## MATERIAL PROVIDED
******
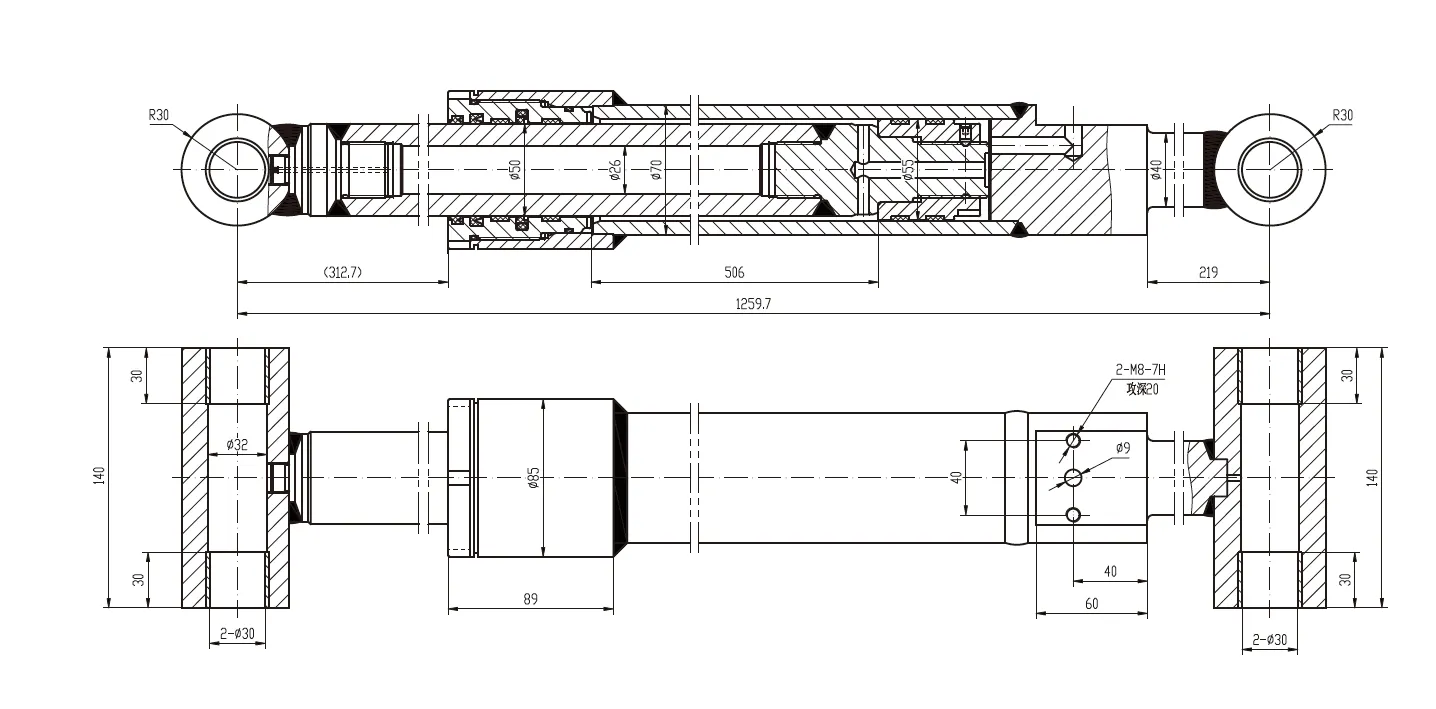 HCYY11112005 Main Boom Angle Cylinder For Aerial Work Vehicles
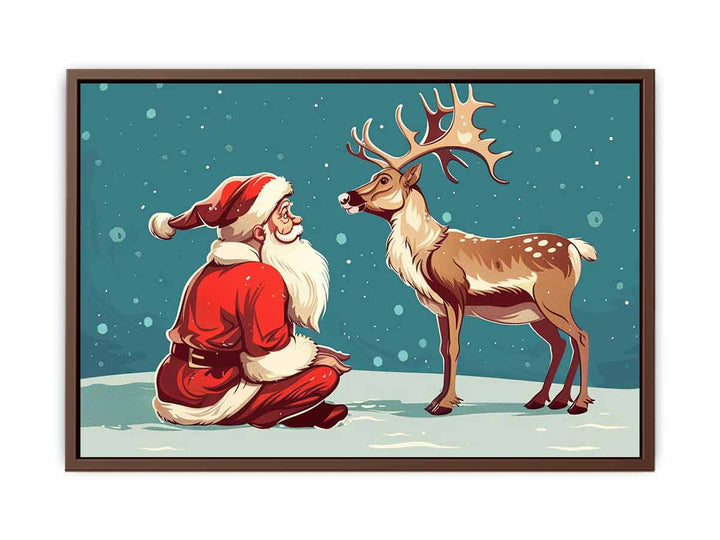 Santa with Reindeer   Poster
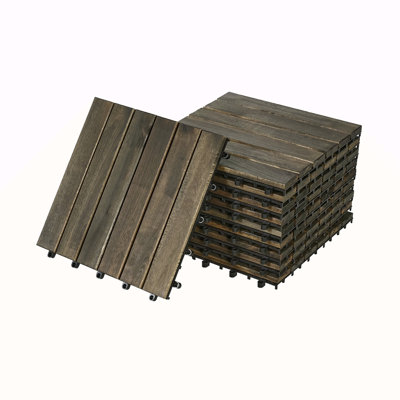 10 tuiles de terrasse à motif à rayures imbriquées, plancher carré en bois franc d'acacia 12 "x 12" pour patio, banc, côté piscine
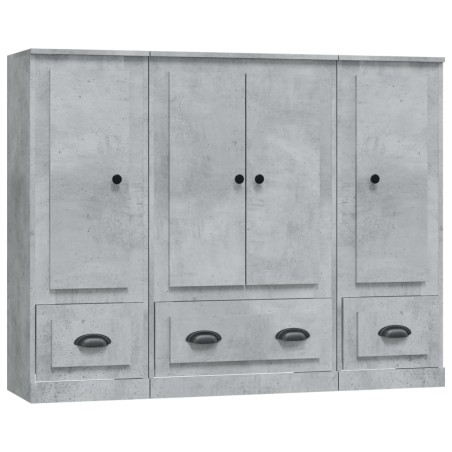 Credenze 3 pz Grigio Cemento in Legno Multistrato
******
## ACTIVITY
Strip out the pictures and quote the remaining data word for word.

## EXERCISE RESPONSE
 HCYY11112005 Main Boom Angle Cylinder For Aerial Work Vehicles
 Santa with Reindeer   Poster
 10 tuiles de terrasse à motif à rayures imbriquées, plancher carré en bois franc d'acacia 12 "x 12" pour patio, banc, côté piscine
 Credenze 3 pz Grigio Cemento in Legno Multistrato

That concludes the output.